"Where do you come from, Lantee?" He asked as if he were honestly interested.
"Tyr."
"Caldon mines." The Survey officer automatically matched planet to product. "How did you come into Survey?"
Shann drew on his shirt. "Signed on as casual labor," he returned with a spark of defiance. Thorvald had joined the Service the right way as a cadet, then a Team man, finally an officer, climbing that nice even ladder with every rung ready for him when he was prepared to mount it. What did his kind know about the labor Barracks where the dull-minded, the failures, the petty criminals on the run, lived hard under a secret social system of their own? It had taken every bit of physical endurance and energy, every fraction of stubborn will Shann could summon, for him to survive his first three months in those barracks—unbroken and still eager to be Survey. He could still wonder at the unbelievable chance which had rescued him from that merely because Training Center had needed another odd hand to clean cages and feed troughs for the experimental animals.
And from the center he made a Team, because when working in a smaller group his push and attention to duty had been noticed and had paid off. Three years it had taken, but he had made Team stature. Not that that meant anything now. Shann pulled his boots on over the legs of rough dried coveralls and glanced up, to find Thorvald watching him with a new, questioning directness the younger man could not understand.

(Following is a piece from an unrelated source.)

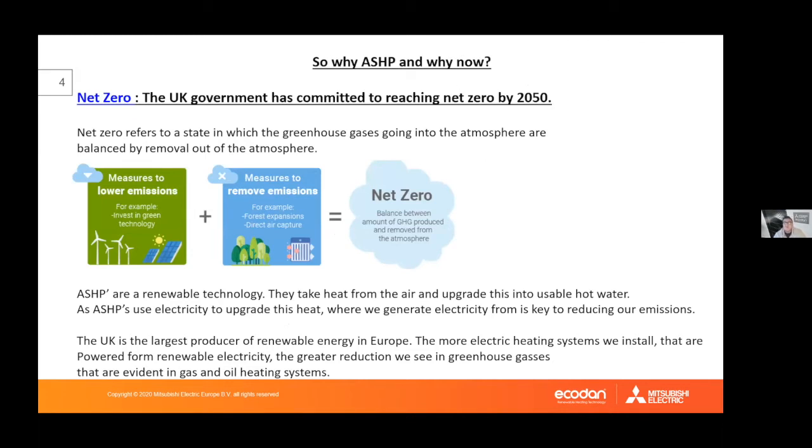In terms of why air source heat pumps, and why now: the government's target to reach net zero by 2050 relies on electrification of the grid. Just as we've seen the uptake of solar PV and electric vehicles, the government will need to upgrade the electrical grid — the current infrastructure isn't big enough to support everyone having an electric car or air source heat pump, and it needs reinforcement, which the government has committed to. Air source heat pumps are a central part of this plan.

Shann sealed his blouse and stood up, knowing the bite of hunger, dull but persistent. It was a feeling he had had so many times in the past that now he hardly gave it a second thought.
"Supplies?" He brought the subject back to the present and the practical. What did it matter why or how one Shann Lantee had come to Warlock in the first place?
"What we have left of the concentrates we had better keep for emergencies." Thorvald made no move to open the very shrunken bag he had brought from the scoutship.
He walked over to a rocky outcrop and tugged loose a yellowish tuft of plant, neither moss nor fungi but sharing attributes of both. Shann recognized it without enthusiasm as one of the varieties of native produce which could be safely digested by Terran stomachs. The stuff was almost tasteless and possessed a rather unpleasant odor. Consumed in bulk it would satisfy hunger for a time. Shann hoped that with the wolverines to aid they could go back to hunting soon.
However, Thorvald showed no desire to head inland where they might expect to locate game. He disagreed with Shann's suggestion for tracking Taggi and Togi when those two emerged from the underbrush obviously well fed and contented after their early morning activity.